EXERCISE DETAILS. Retype nothing except the lines below from the one with "Crystal-Embellished Leather Mules - Image 4" through the one with "Cebo sumergido de", exactly, with images left out.

MATERIAL PROVIDED.
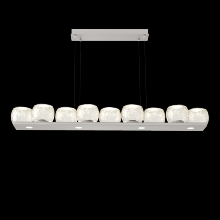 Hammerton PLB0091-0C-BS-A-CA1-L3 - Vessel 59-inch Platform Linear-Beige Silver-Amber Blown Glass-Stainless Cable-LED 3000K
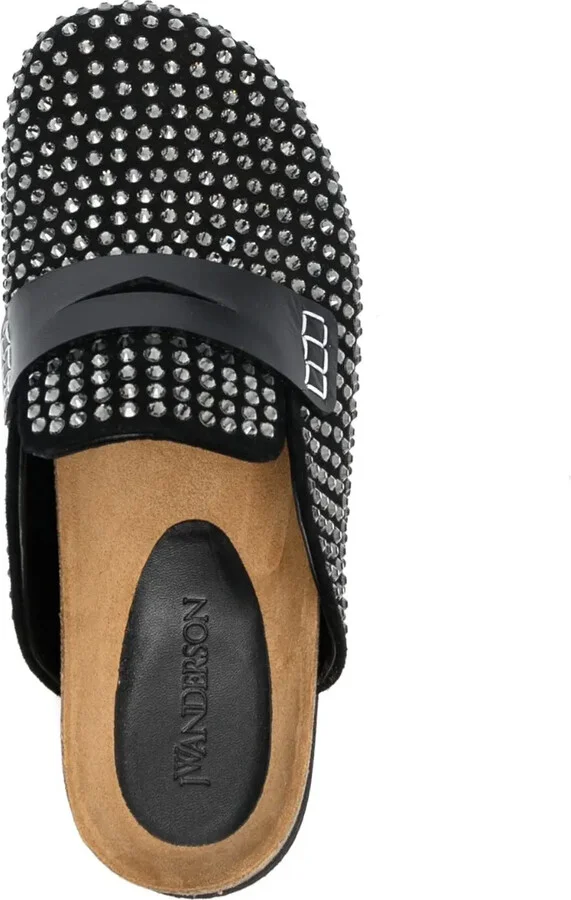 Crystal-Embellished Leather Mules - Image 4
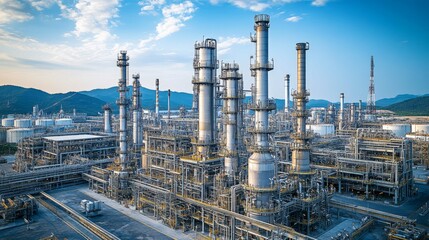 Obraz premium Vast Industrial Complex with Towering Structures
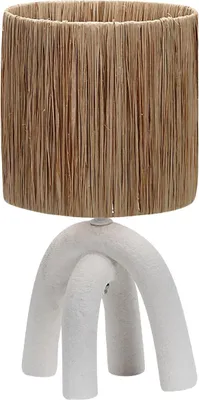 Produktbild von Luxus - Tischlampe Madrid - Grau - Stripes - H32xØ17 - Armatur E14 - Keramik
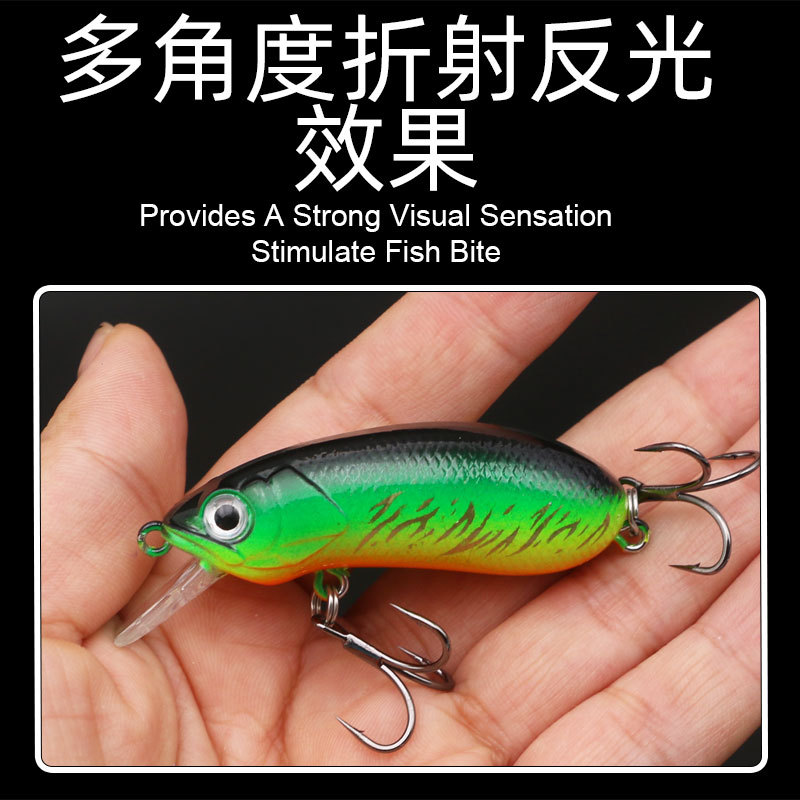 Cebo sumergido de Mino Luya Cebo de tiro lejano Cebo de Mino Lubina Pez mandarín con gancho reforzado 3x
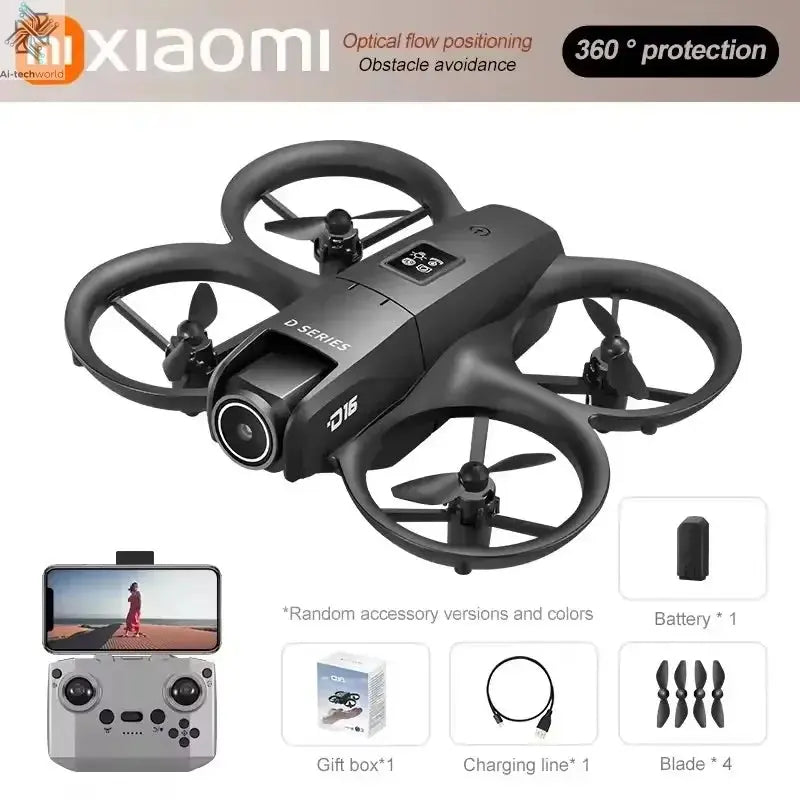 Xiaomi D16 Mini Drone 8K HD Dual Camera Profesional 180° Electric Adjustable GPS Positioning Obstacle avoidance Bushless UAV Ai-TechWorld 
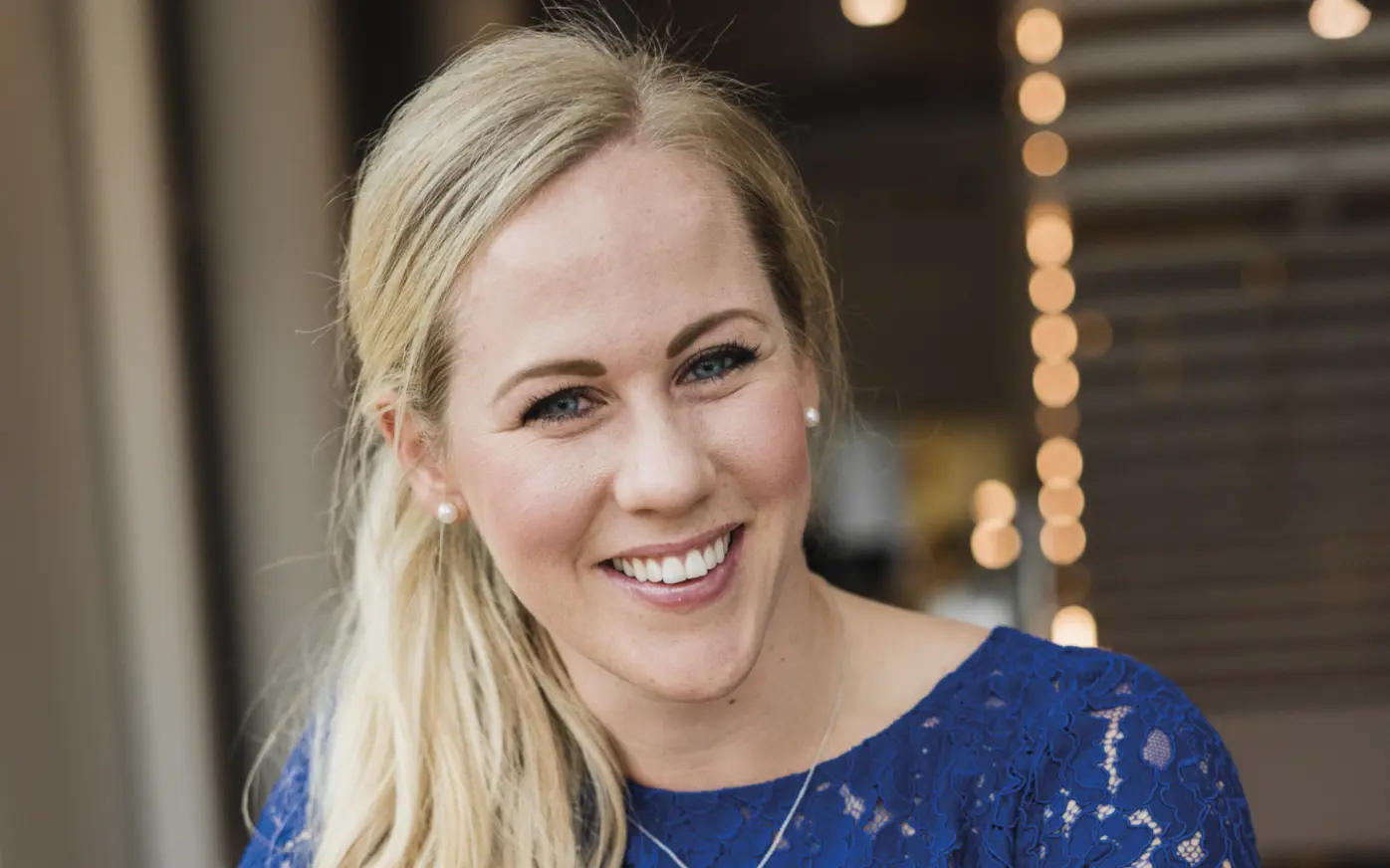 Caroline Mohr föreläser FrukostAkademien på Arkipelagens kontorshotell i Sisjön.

EXERCISE RESPONSE.
 Crystal-Embellished Leather Mules - Image 4
 Obraz premium Vast Industrial Complex with Towering Structures
 Produktbild von Luxus - Tischlampe Madrid - Grau - Stripes - H32xØ17 - Armatur E14 - Keramik
 Cebo sumergido de Mino Luya Cebo de tiro lejano Cebo de Mino Lubina Pez mandarín con gancho reforzado 3x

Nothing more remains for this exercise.